The Context and Challenges for Canada’s Mid-Sized Cities

Authors

  • Almos T. Tassony University of Calgary

DOI:

https://doi.org/10.11575/sppp.v10i0.42622

Abstract

All Canadian cities face fiscal and governance problems unique to their individual sizes, economies, housing situations and population demographics. This paper examines how mid-sized cities, with populations between 300,000 and two million, can strive to innovate, to act autonomously and to implement complex policies and programs within larger constraints — capabilities of which other levels of government need to be more cognizant. Yet, while provincial and federal regulations would seem to often block mid-sized cities’ capabilities for policy-making, they also offer a solid basis from which to operate. Property taxes provide stable revenue sources while constraints on borrowing mean protection for cities’ credit ratings along with access to capital markets. The challenge is forging a workable balance between constraint from without and a move toward autonomy from within.
Municipal governments in Canada typically maintain balanced budgets, but they are also subject to restraints on transfer payments imposed by their provincial governments.

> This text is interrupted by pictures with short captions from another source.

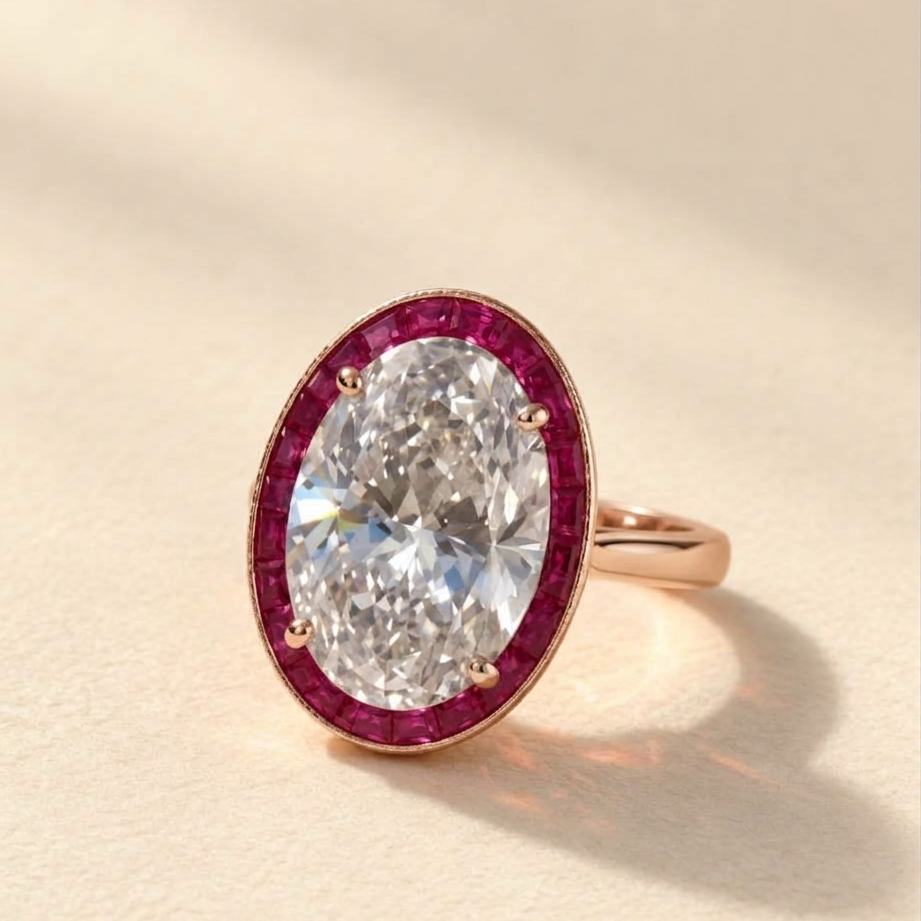 6 CT Lab Grown Oval Diamond Ring in 9K/14K Gold |WOKE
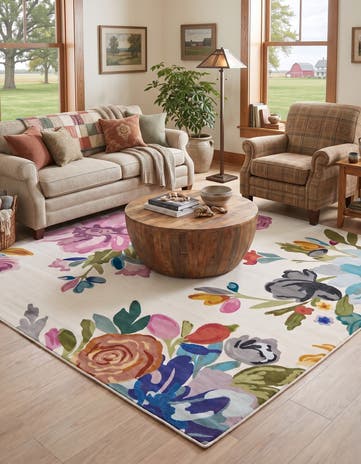 Ivory Blossom Square Rug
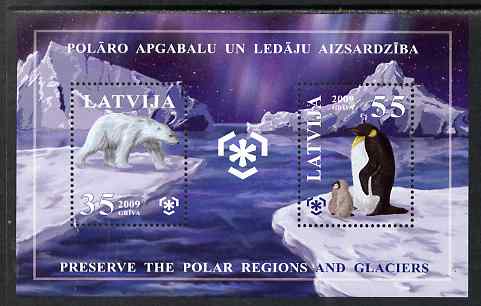 Latvia 2009 Polar Regions perf m/sheet unmounted mint, stamps on , stamps on  stamps on polar, stamps on  stamps on penguins, stamps on  stamps on bears, stamps on  stamps on birds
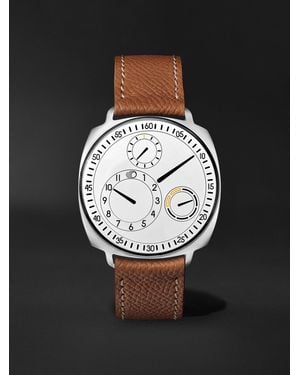 Ressence Type 1.3 Squared V2 Automatic 42mm Titanium And Leather Watch - Black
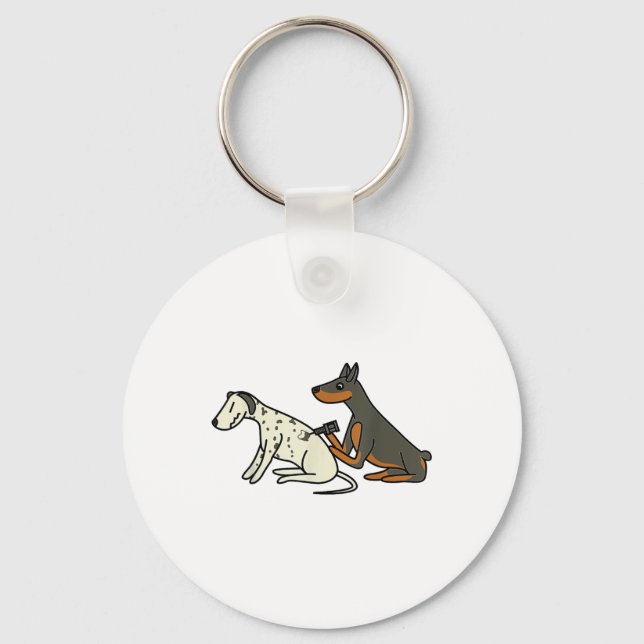 Chaveiro Doberman, Moçável, Cujo Cão Dalmático Tatuando (Frente)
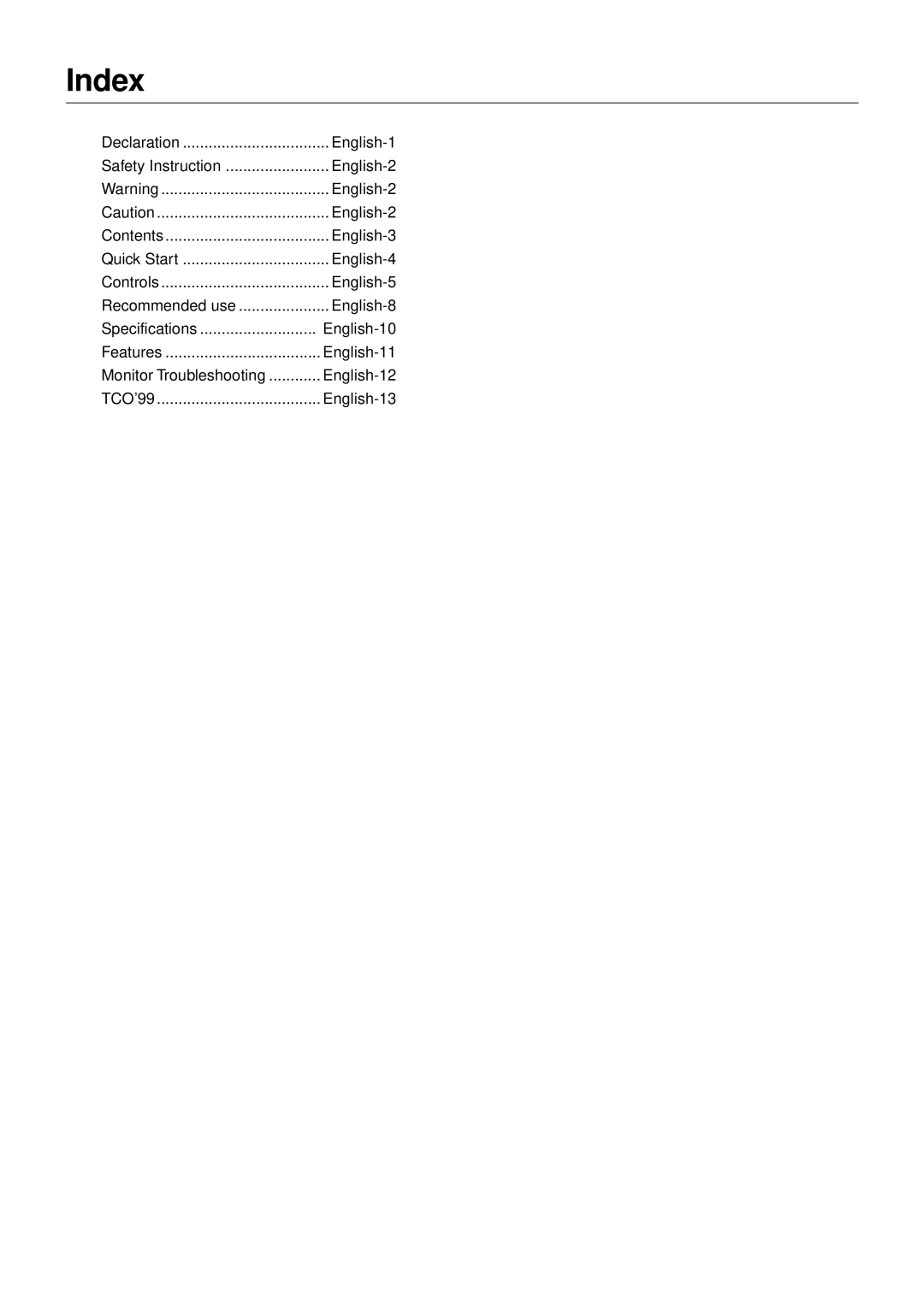 NEC FE2111SB user manual Index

How the cities then allocate that money is determined by various factors. These include whether they have large populations of immigrants or the elderly to serve, the basis for the local economy — such as whether it is fuelled by resources, manufacturing or service industries — the degree of homelessness, relationships with public-sector unions, and the costs of compliance to federal standards for such things as wastewater. Unfunded liabilities may also put pressure on a city’s payroll and create an actuarial deficit for its pension plans, resulting in tighter provincial scrutiny.
A city’s fiscal health can be assessed by the ways in which it meets the basic criteria of sustainability, flexibility and vulnerability. Sustainability measures how

well a municipality maintains its financial obligations to creditors and the public via the services it provides. Flexibility entails how much it can increase its levels of debt and taxes, while vulnerability reflects the way the city is affected by provincial limits on transfer payments and outside factors beyond its control that influence its economy.
Cities do have room to innovate within their provincial and economic constraints, however. They can move away from their reliance on property tax revenue by shifting to alternatives such as a greater reliance on user fees or they can piggy-back on taxes imposed by other levels of government where these are permitted. Many of these options have yet to be explored.
Ironically, while the municipal level of government is viewed as being at the bottom of the hierarchy of governments, many city governments are larger, more innovative and more versatile than the provincial governments that oversee them. Municipal officials have as much expertise in policy-making as do their provincial counterparts. In fact, own-source revenues, such as user fees, licensing and investments in many large cities amount to 90 per cent of operating monies, making those cities less dependent upon which way the provincial wind is blowing when it comes to transfer payments. They thus have more room to innovate and to develop programs specific to their demographics and to the area’s economic health.
It falls upon provincial and federal governments to recognize what municipalities are capable of achieving, and to make appropriate legislative and regulatory changes that will permit more innovation and policy-making locally. Loosening the constraints under which cities operate will create the environment for further improvement and innovation in Canada’s municipal governments.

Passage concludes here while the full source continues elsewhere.